MIAMI — After two months of false starts, error messages and pleas for patience from the once-hobbled federal online health care exchange, Karen Egozi, chief executive of the Epilepsy Foundation of Florida, watched Monday as counselors navigated the website's pages with relative ease.
The website was working so well that Egozi, who oversees the 45 navigators in eight locations who help consumers enroll in health plans, said her team gave the system an 8 on a scale of 1 to 10, meaning that most people got as far as selecting a plan or taking home information to select a plan. It felt like a champagne moment.
“I'm 80 percent satisfied,” Egozi said. “I think it will be great when it's 100 percent.”

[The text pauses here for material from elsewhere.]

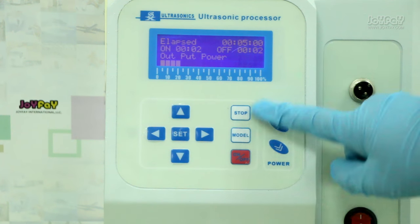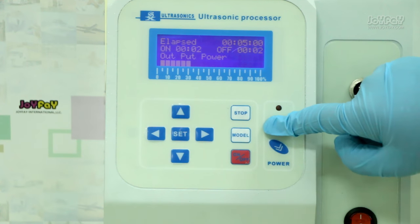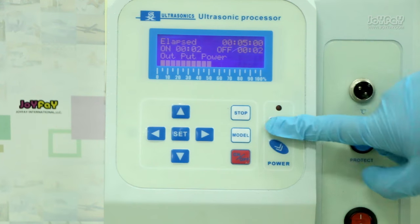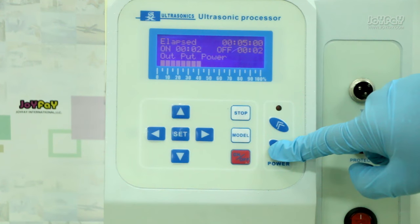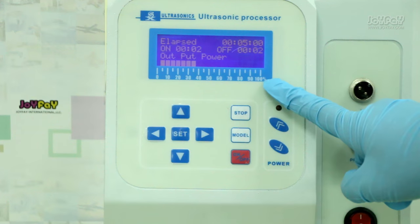Let's set the power. When you press the up button, the power becomes bigger. Each small cube represents 5% of the power.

A little over a week after the deadline that President Barack Obama gave for fixing the federal health care exchange, the system is definitely working better, according to consumers and navigators interviewed in several states.

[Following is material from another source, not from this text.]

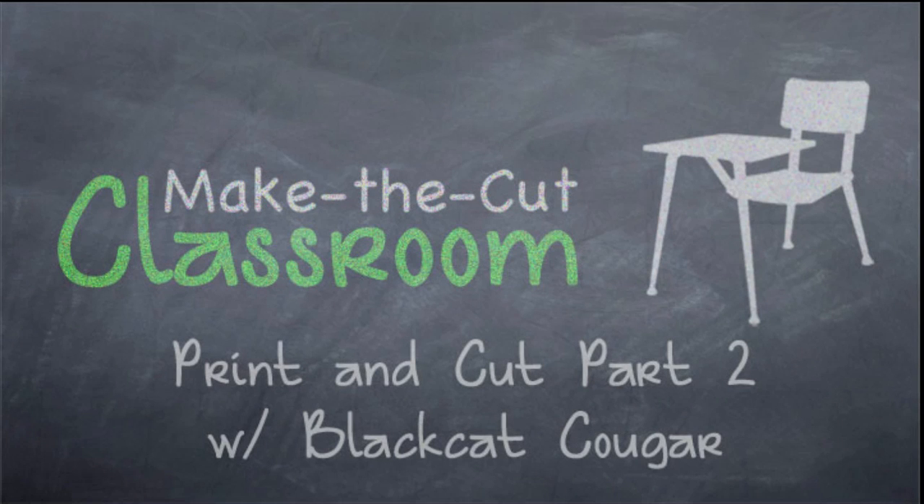Welcome to Make the Cut Classroom. I'm Rob and I hope you're ready for part two of this Print and Cut series.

Still, the interviews indicated, some technical obstacles persist. After shoppers clicked all the way to the plans, for example, the system was not letting some people choose one. In other cases, people were asked to try again later.

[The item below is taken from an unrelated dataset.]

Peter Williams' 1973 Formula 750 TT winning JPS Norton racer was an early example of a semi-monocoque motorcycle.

Improved entry into the online marketplace has also exposed a new layer of problems and confusion for applicants who are suddenly finding their efforts to buy insurance delayed by requirements that they provide proof of identity or citizenship or that they wait for determinations on Medicaid eligibility.
For the most part, though, the news for the beleaguered online exchange, which serves 36 states, is improving. Last week, more than a half-million people created accounts on the federal website, according to people familiar with the project.